New Years Eats

I don’t know how many of you have figured out by now that Bitter is now a food blogger.  Her crazy Oklahoma traditions say that black eyed peas on New Years is good luck.  Here, for Irish families at least, it’s Corned Beef and Cabbage, and since that is my ancestral heritage, we’re having that in addition to the black eyed pea dish.  The corned beef cabbage can be cooked in the slow cooker.  Boiling things for long periods of time is the basis of Irish cooking.  While this cooking process tends to dull flavors, that’s nothing an unhealthy amount of salt (provided largely by the corner beef in this dish) can’t fix.  Once you drink enough whisky, you won’t care too much anyway.  Corned Beef and Cabbage is also the traditional Irish-American dish for St. Patricks Day.

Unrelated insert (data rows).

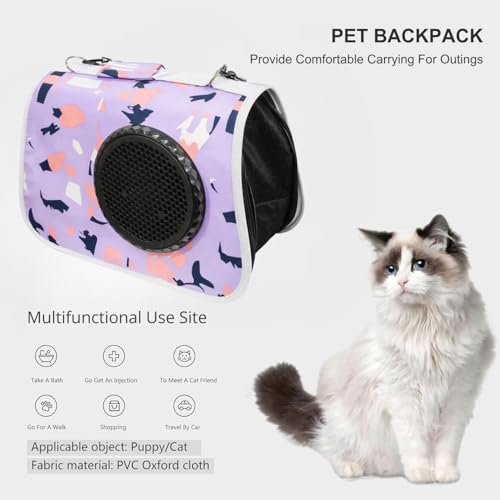 Image of Cat Backpack Carrier Expandable Pet Carrier Backpack for Small Medium Cats Fit Up to 18 Lbs, Foldable Puppy Backpack Carrier for Travel, Hiking (Purple new, 20Lx27Hx38W)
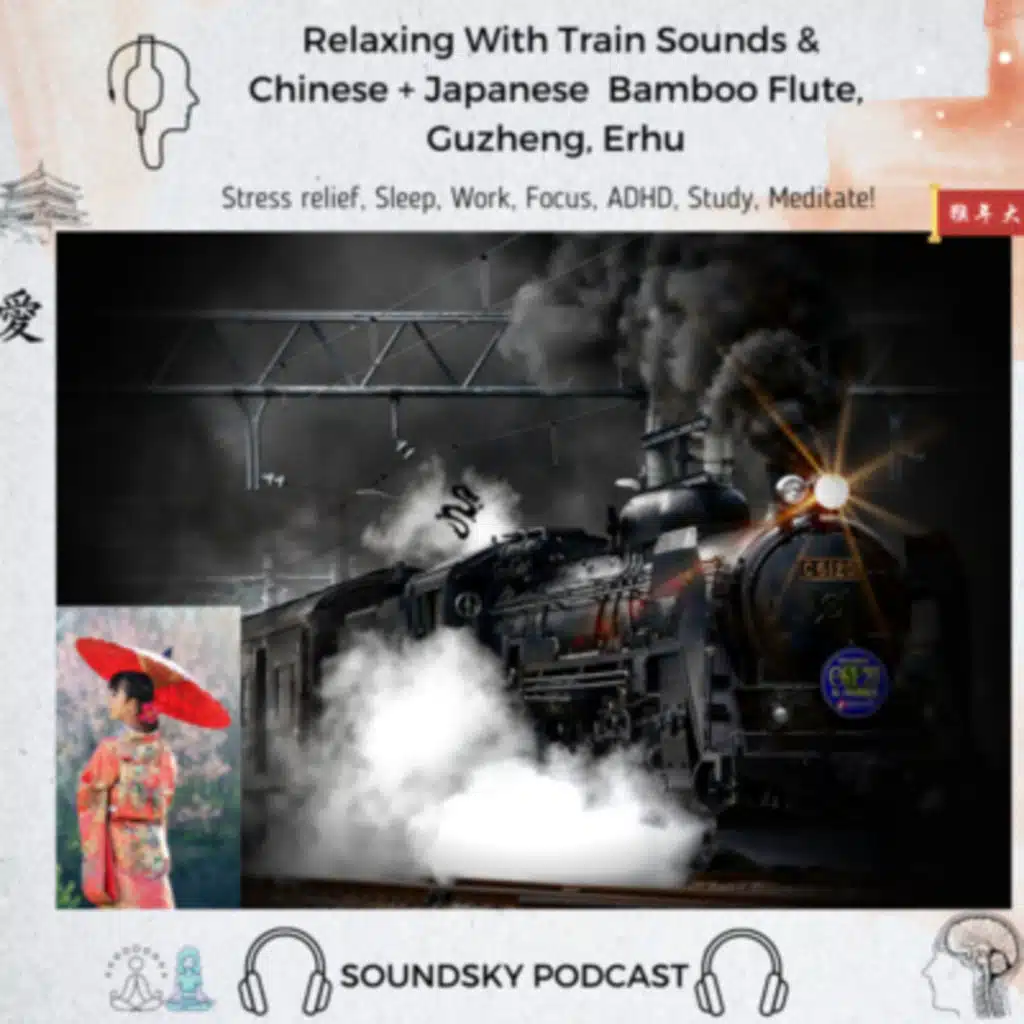 114. Relaxing Train Sounds with Chinese + Japanese Bamboo Flute - Guzheng, Erhu Soothing Collection | RWS, SoundSky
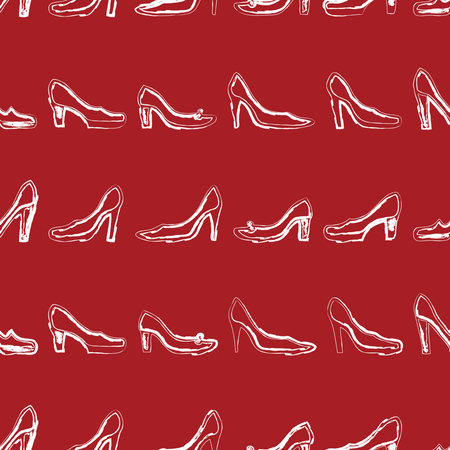 Seamless pattern of contour textured drawings of various abstract female shoes in rowsのイラスト素材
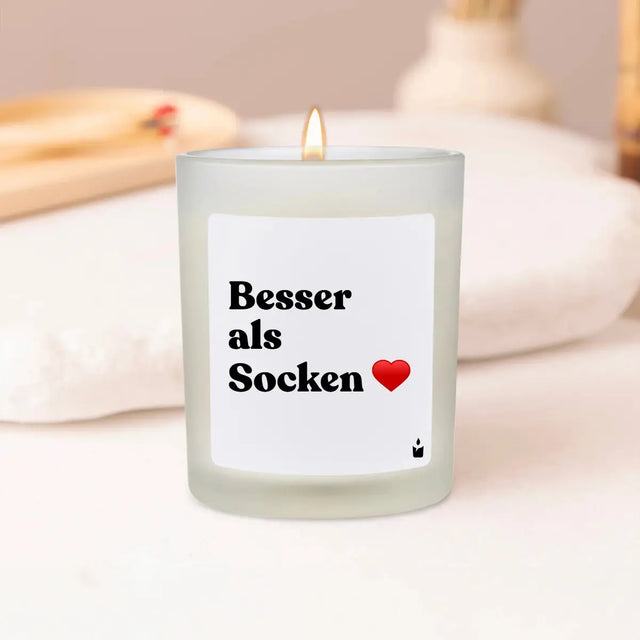 Duftkerze Weiss Woody Besser als Socken von ChattyCandles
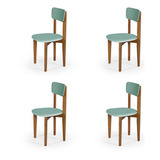 4 Cadeiras Para Mesa - Cozinha Gourmet Elisa Tecido Suede Cor Da Estrutura Da Cadeira Imbuia Cor Do Assento Menta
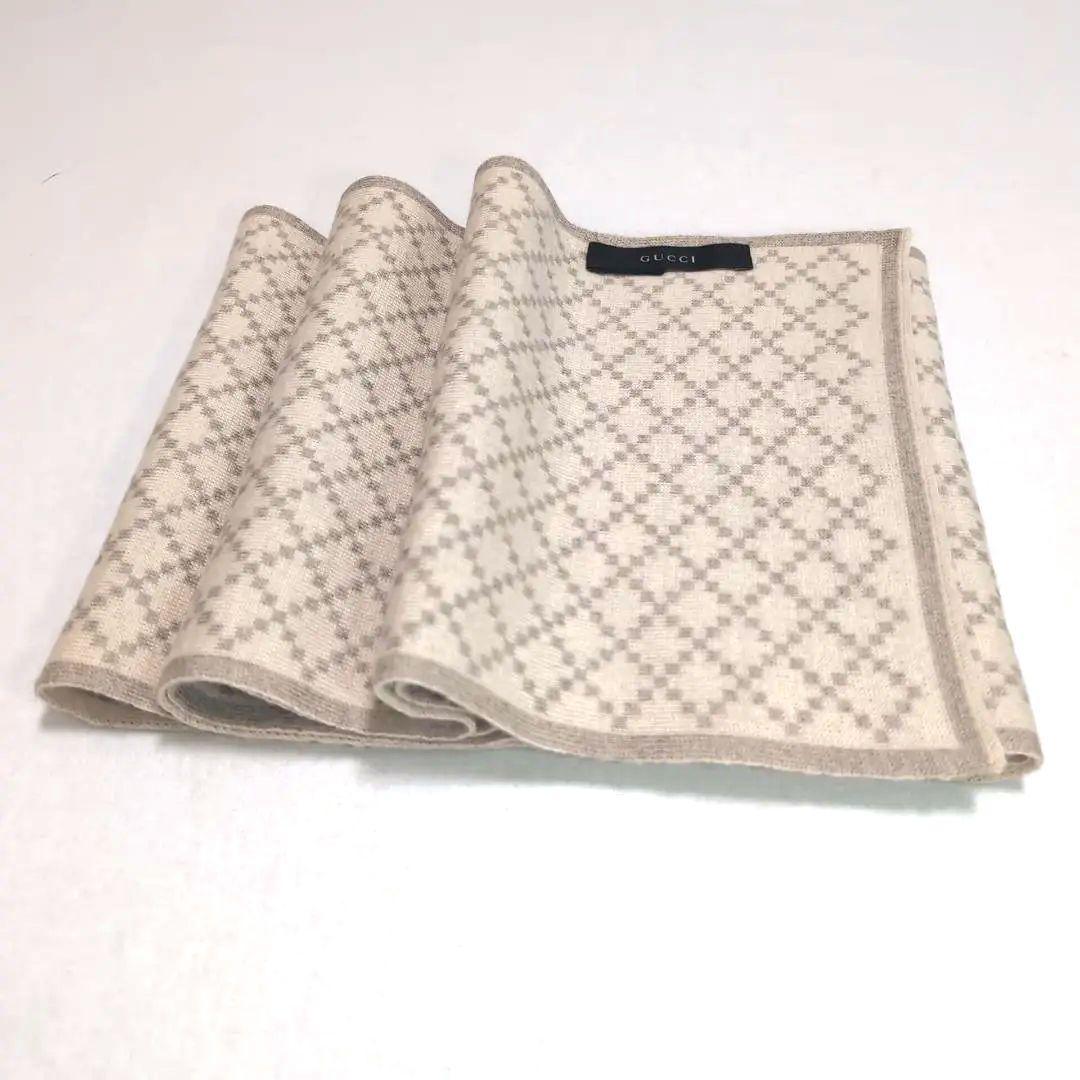 グッチ マフラー 180×24.5cm ウール100% ライトベージュ13A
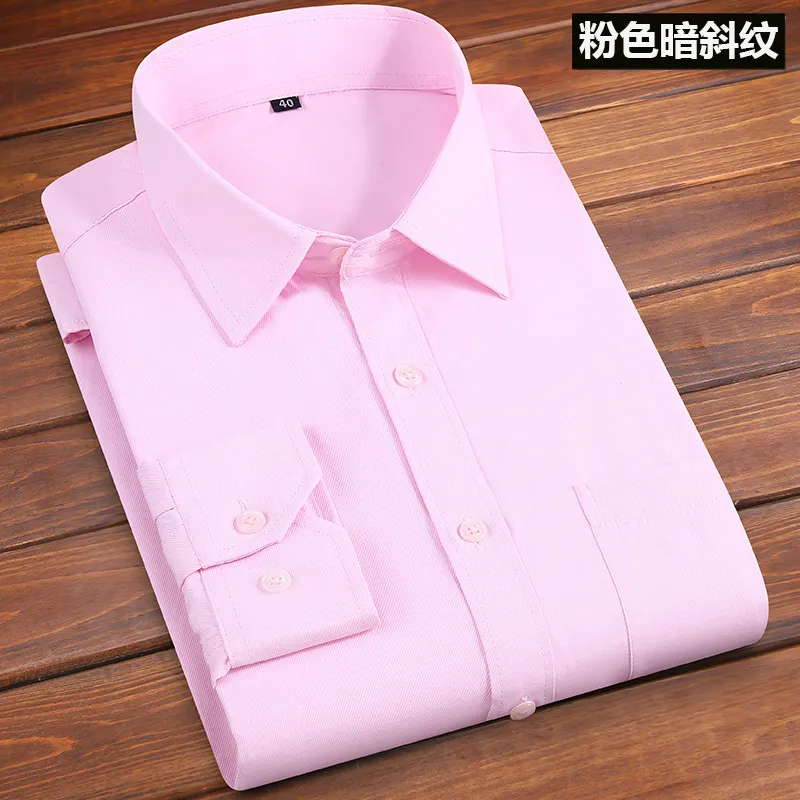 Men's White Long Sleeve Dress Shirt - Solid Color Korean Style Business Casual Non-Iron Cotton Shirt for Office, Work, and Everyday Wear thumbnail 6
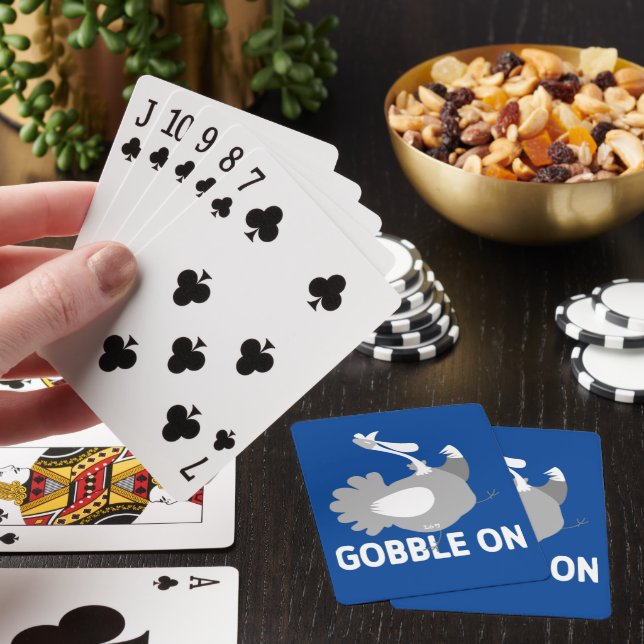 GOBBLE ON funny thanksgiving Playing Cards (In Situ)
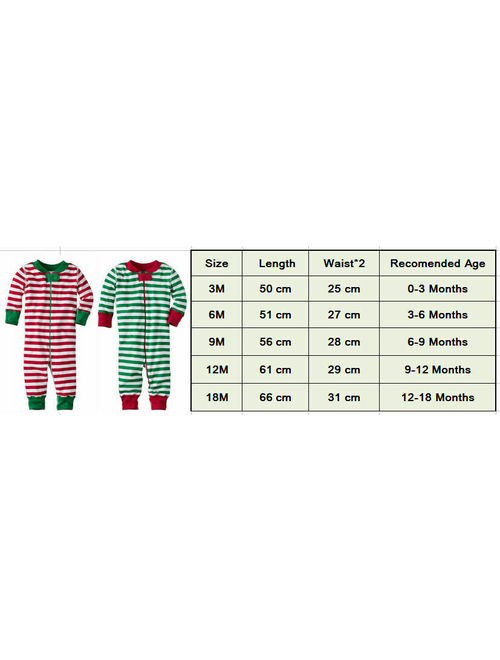 Christmas Family Matching Pyjamas PJS Set Xmas Striped Sleepwear Nightwear Gift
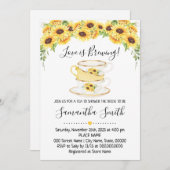 Liefde kweekt thee zonnebloemen doucheuitnodiging feestdagenkaart (Voorkant / Achterkant)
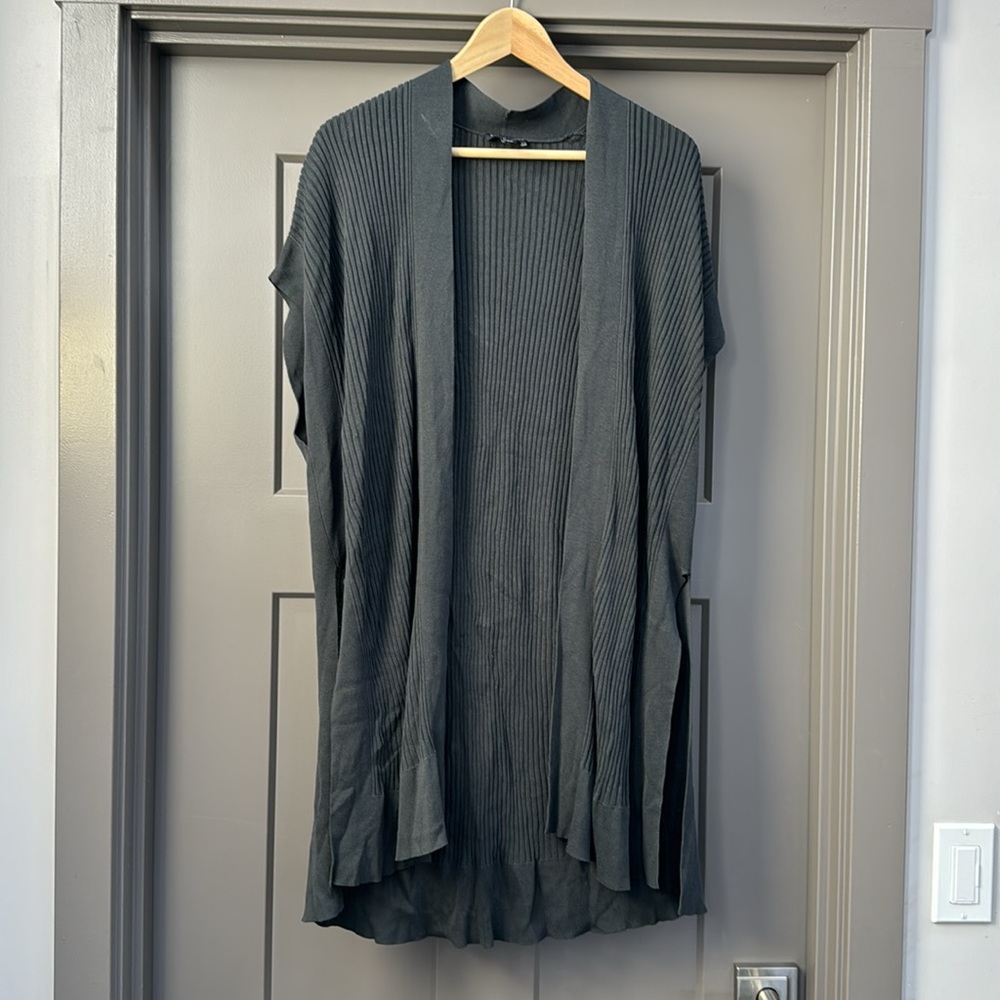 Eileen Fisher Ribbed Cardigan, gray, small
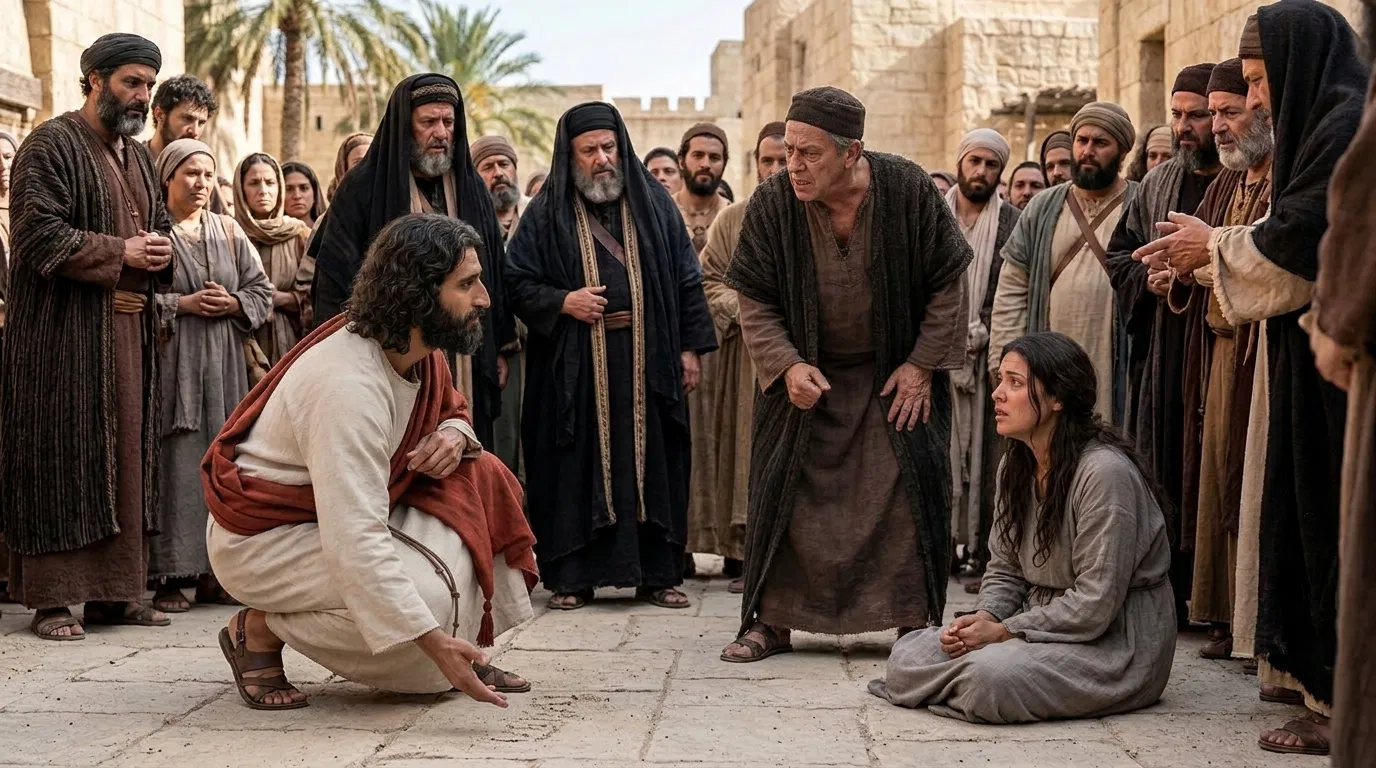 Accusers Stand Over the Woman as Jesus Stoops to Write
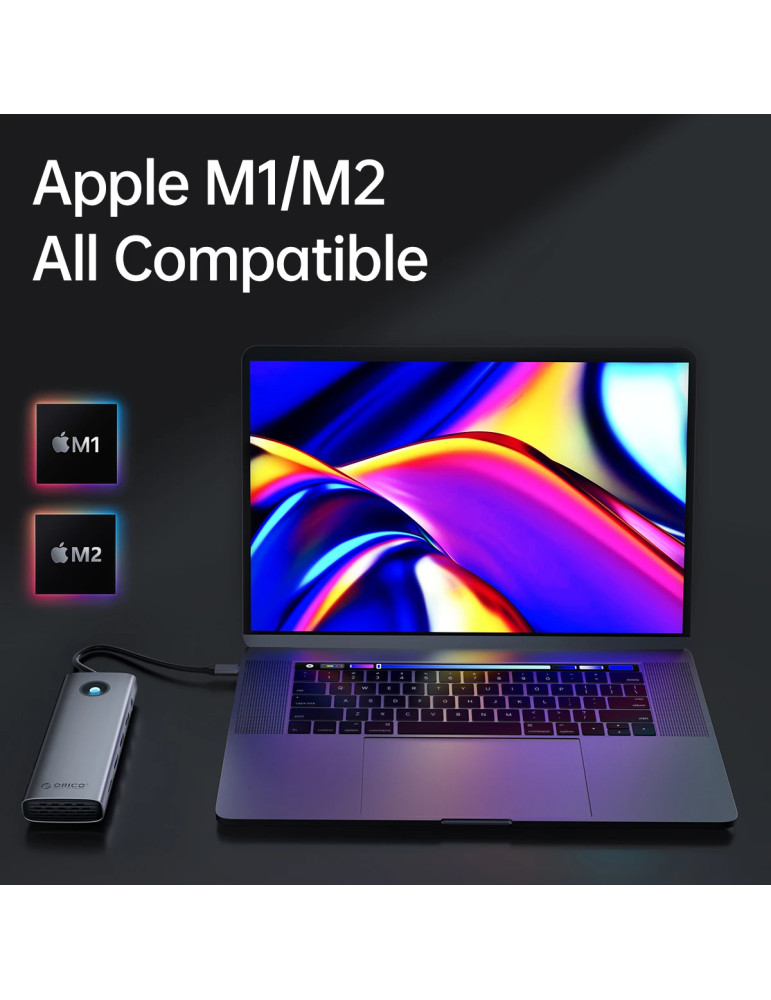 Докинг станция Orico PW11-9P-GY-EP, Type-C, HDMI, VGA, 3x USB 3.0, USB-C PD100W, LAN 1Gbps, SD/TF - PW11-9P-GY-EP - 8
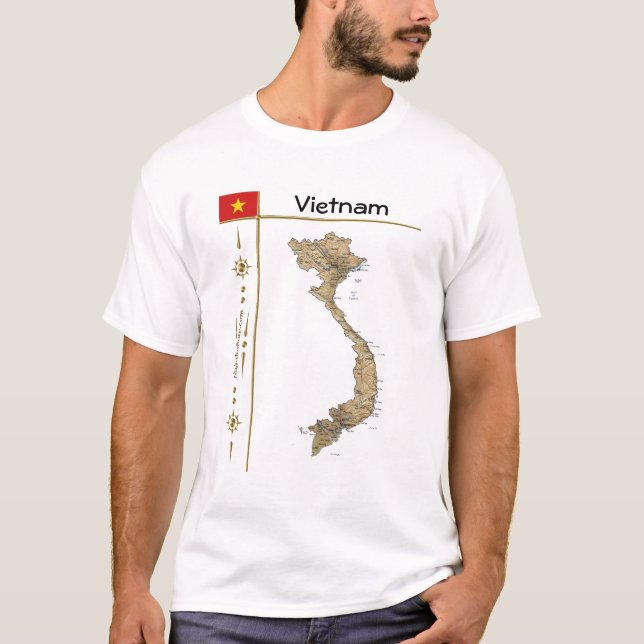 Vietnam Karta + Flagga + avdelning T-Shirt (Framsida)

11 Responses to “New Years Eats”

  1. Richard says:

    Down here in the South, there are a few mandatory vittles on New Years Day.

    Collard greens cooked with a big ham hock for money and riches in the new year. The more you eat, the more you will make.

    Black eyed peas are for good luck. Again, the more the better.

    Double fudge brownie ice cream. No specific Southern tradition here…I just like the stuff.

  2. Bitter says:

    Damn, should have done the collard greens and ham. I have ham. Think that counts? :)

  3. For me (Pennsylvania German), the traditional New Year’s Day meal is pork and sauerkraut.

  4. kahr40 says:

    Collard greens and black eyed peas. Had neither. Boy am I screwed.

  5. TexasFred says:

    We played it safe!

    Cabbage AND blackeyed peas…

  6. Richard says:

    Ham definitely counts!

  7. Corned Beef, Black Eye Pea’s (w/Bacon), and Cabbage on New Years Day = Good Eats & Good Livin’.

    Unfortunately, I didn’t have any of that to eat today. I’m screwed on Jan 21 I guess.


  8. Corned beef and cabbage? Black-eyed peas for coins and collard greens for bills.

  9. JJR says:

    We had black-eyed peas and pork-steak with veggies.

  10. I had no idea about black eyed peas, until I did an oral history with a friend’s mother who grew up in Texas and Oklahoma in the 30s. You want to know what poor is? Her first job was picking strawberries, and she received five mills per flat. If you don’t know what a “mill” is–that’s one thousandth of a dollar, or one tenth of a cent.